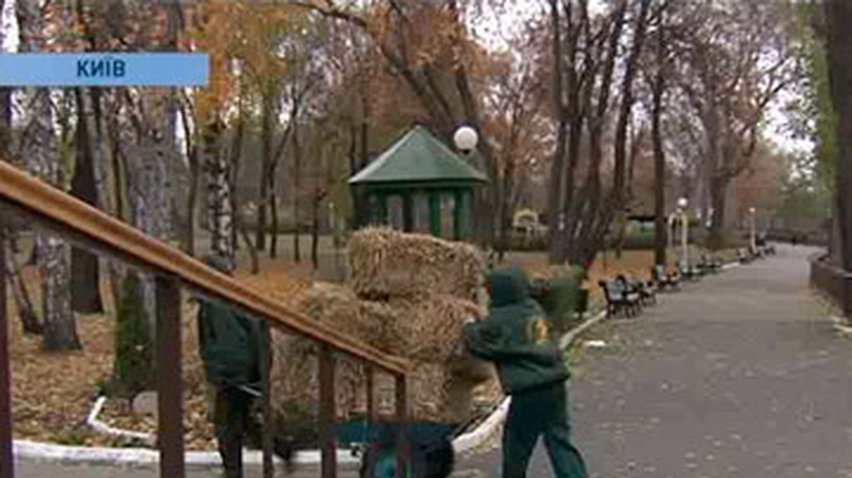 В Киевском зоопарке вторую неделю идут прокурорские проверки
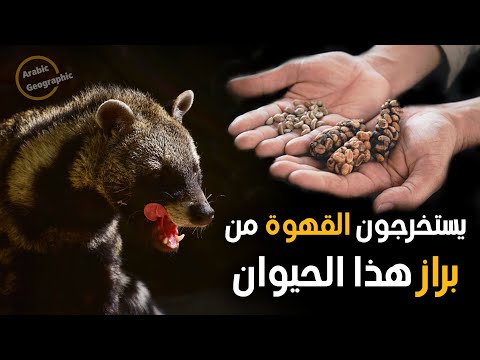 قط السيفيت او الزباد يستخرجون منه المسك و أغلي قهوة في العالم الحيوانات والحياة البرية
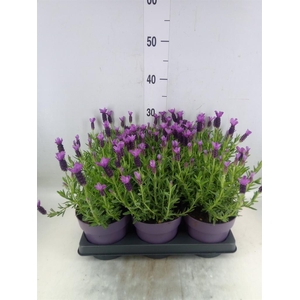 Lavandula stoec. 'Anouk'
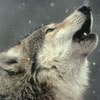 queerwolf: (howling wolf)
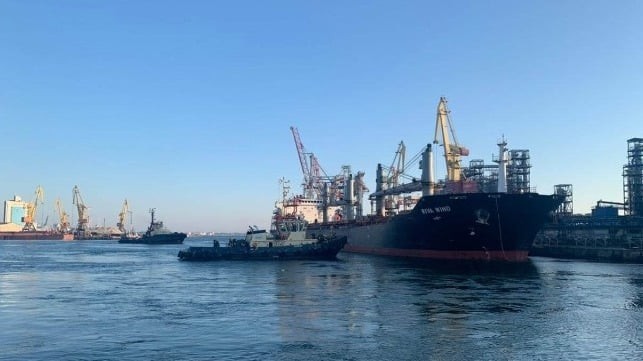Украина намерена поставлять свое зерно в Сирию, вместо России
···
WHAT IS BEING ASKED ▸
Going from the line holding "Lavandula stoec. 'Anouk'" to the last line of the data above, reproduce every line exactly, both included, with the pictures omitted.

ANSWER BOX ▸
 Lavandula stoec. 'Anouk'
 queerwolf: (howling wolf)
Украина намерена поставлять свое зерно в Сирию, вместо России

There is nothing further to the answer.